EXERCISE INSTRUCTIONS »
Every record must be transcribed in its entirety, apart from the images, which are to be omitted.

DATASET ENTRIES »
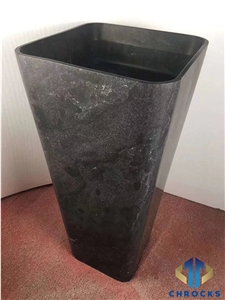 China Blue Limestone Pedestal Sink, Washbasin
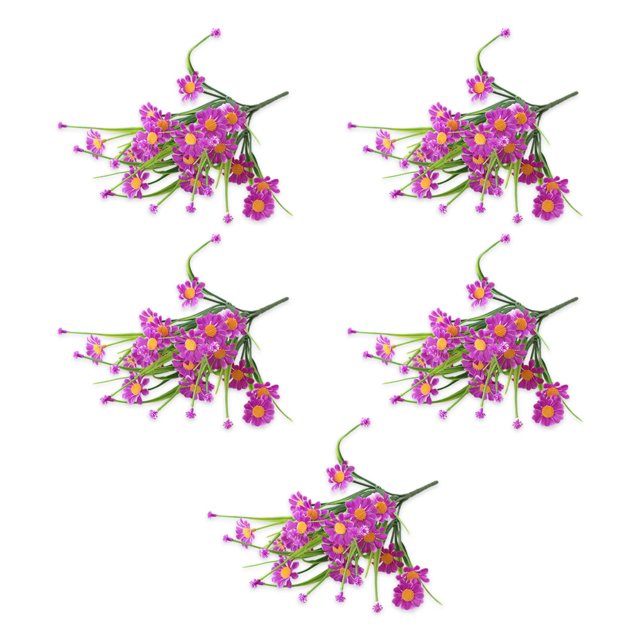 VONKY 5pack/lot Add Beauty To Home With Artificial Daisies Low Maintenance Brick red 5Set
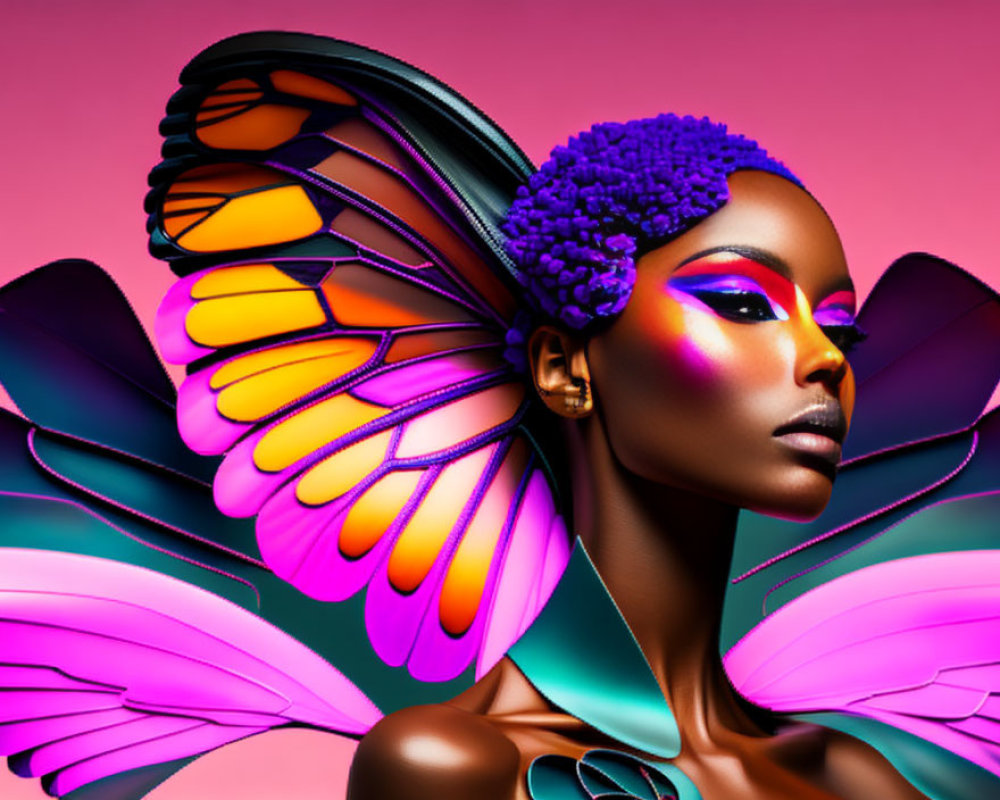 Colorful digital artwork of woman with butterfly wings on pink background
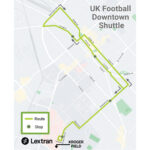 Map of the UK Football Downtown Shuttle route provided by Lextran, showing a looped path through downtown Lexington. The map highlights stops along the route with green and gray circles.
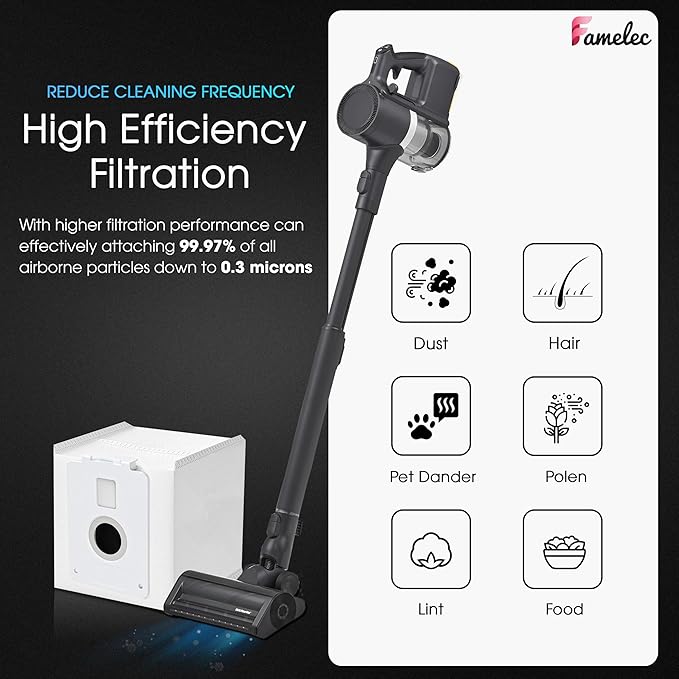 FAMELEC 10 Pack for LG Vacuum Bags, Compatible with LG CordZero All in One Tower Vacuum A939KBGS A938KBGS A937KGMS, High-Efficiency Replacement Vacuum Cleaner Bags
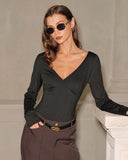 Siyah Büzgülü İnce Örgü Tişört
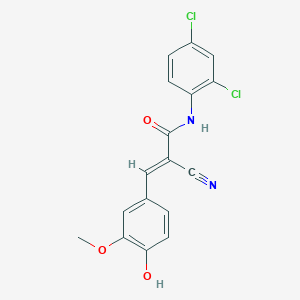 2-cyano-N-(2,4-dichlorophenyl)-3-(4-hydroxy-3-methoxyphenyl)acrylamide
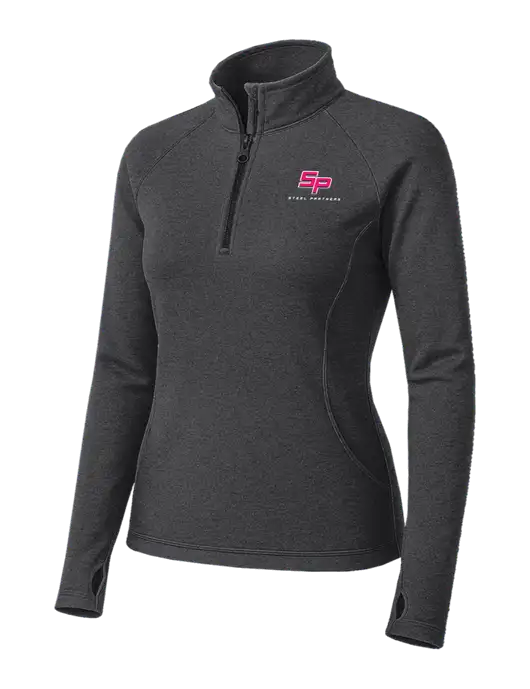 Dark Grey Heather Womens Sport Wick Stretch 1/4 Zip Pullover w/Steel Partners Logo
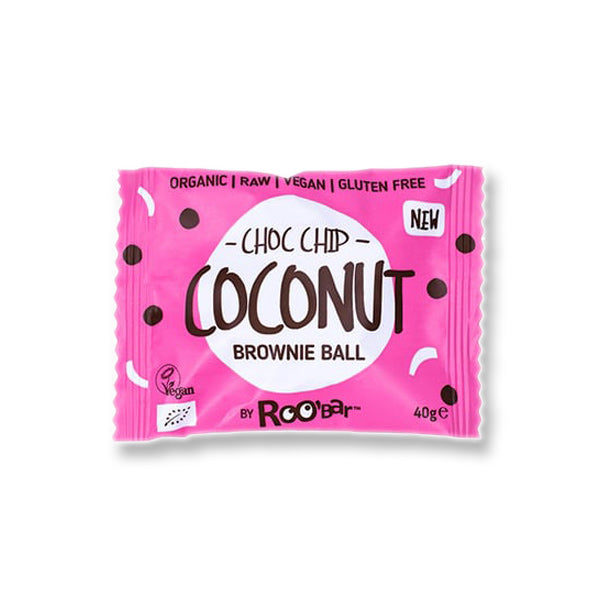 Roobar Choc Chip Coconut Brownie Ball Βιολογικό ωμό επιδόρπιο με κομματάκια νυφάδων καρύδας 40gr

SOLUTION TO THE PROBLEM »
 China Blue Limestone Pedestal Sink, Washbasin
 VONKY 5pack/lot Add Beauty To Home With Artificial Daisies Low Maintenance Brick red 5Set
 Colorful digital artwork of woman with butterfly wings on pink background
 Map of the UK Football Downtown Shuttle route provided by Lextran, showing a looped path through downtown Lexington. The map highlights stops along the route with green and gray circles.
 FAMELEC 10 Pack for LG Vacuum Bags, Compatible with LG CordZero All in One Tower Vacuum A939KBGS A938KBGS A937KGMS, High-Efficiency Replacement Vacuum Cleaner Bags
 Siyah Büzgülü İnce Örgü Tişört
 2-cyano-N-(2,4-dichlorophenyl)-3-(4-hydroxy-3-methoxyphenyl)acrylamide
 Dark Grey Heather Womens Sport Wick Stretch 1/4 Zip Pullover w/Steel Partners Logo
 Roobar Choc Chip Coconut Brownie Ball Βιολογικό ωμό επιδόρπιο με κομματάκια νυφάδων καρύδας 40gr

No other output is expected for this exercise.